Venture capital firm Paradigm recently posted a job advert for a marketing person to join the Tempo stealth startup. The ad described Tempo as a “high performance payment blockchain”, which is a joint venture between Paradigm and Stripe, as first reported by Fortune.
Notably, one of the key skills sought is experience targeting Fortune 500 audiences. And the ability to translate crypto concepts for a mainstream audience.
Last year Stripe famously spent $1.1 billion acquiring stablecoin infrastructure startup Bridge. More recently Stripe launched stablecoin accounts targeting offshore entrepreneurs, including in jurisdictions that Stripe’s core business doesn’t currently serve. Bridge also unveiled its own stablecoin USDB and provides the technology for other white labelled stablecoins.

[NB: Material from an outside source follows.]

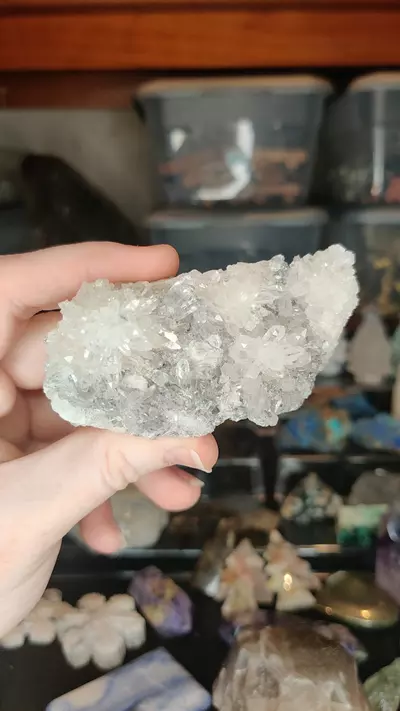 plant/Clear Quartz Flower Specimen with UV Reaction-0-thumbnail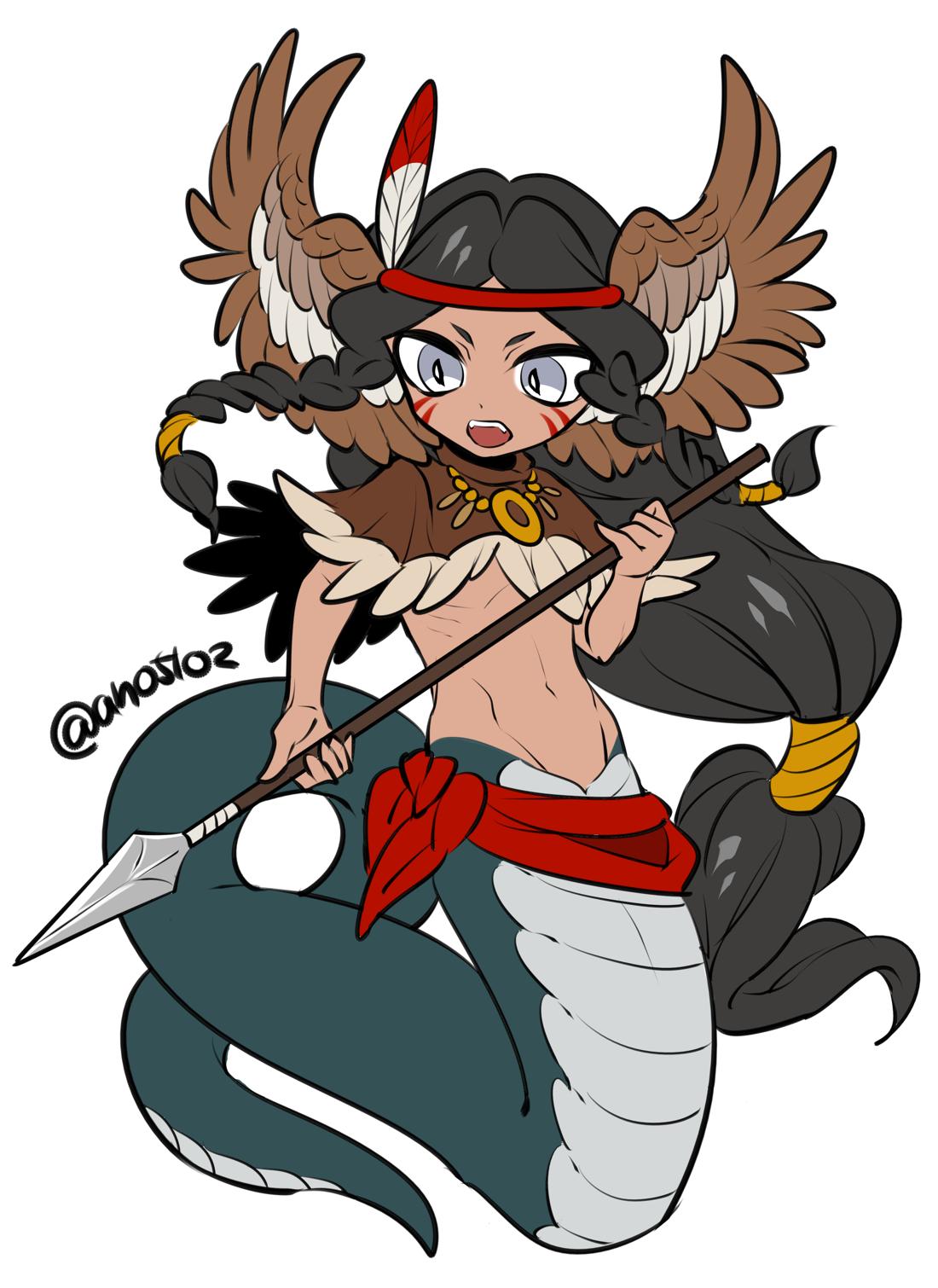 1girl ano5102 black_hair braid dark_skin facial_mark feather female flat_chest head_wings headband highres lamia long_hair low-tied_long_hair monster_girl native_american navel open_mouth original polearm ribs shawl simple_background solo spear tribal twitter_username weapon white_background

Stripe’s blockchain ambitions reflect a broader trend among payment companies moving into dedicated blockchain infrastructure. Today stablecoin issuer Circle unveiled its chain Arc. Tether was the first to move in July, as the backer of the Stable chain which announced that gas will be paid in USDT. While Circle and Stripe may have grand strategies, in Tether’s case the goal is more prosaic: Tether CEO Paolo Ardoino claims that 40% of blockchain gas fees are for Tether linked transactions. By owning a major stake in the blockchain infrastructure, Tether captures a portion of those transaction fees directly.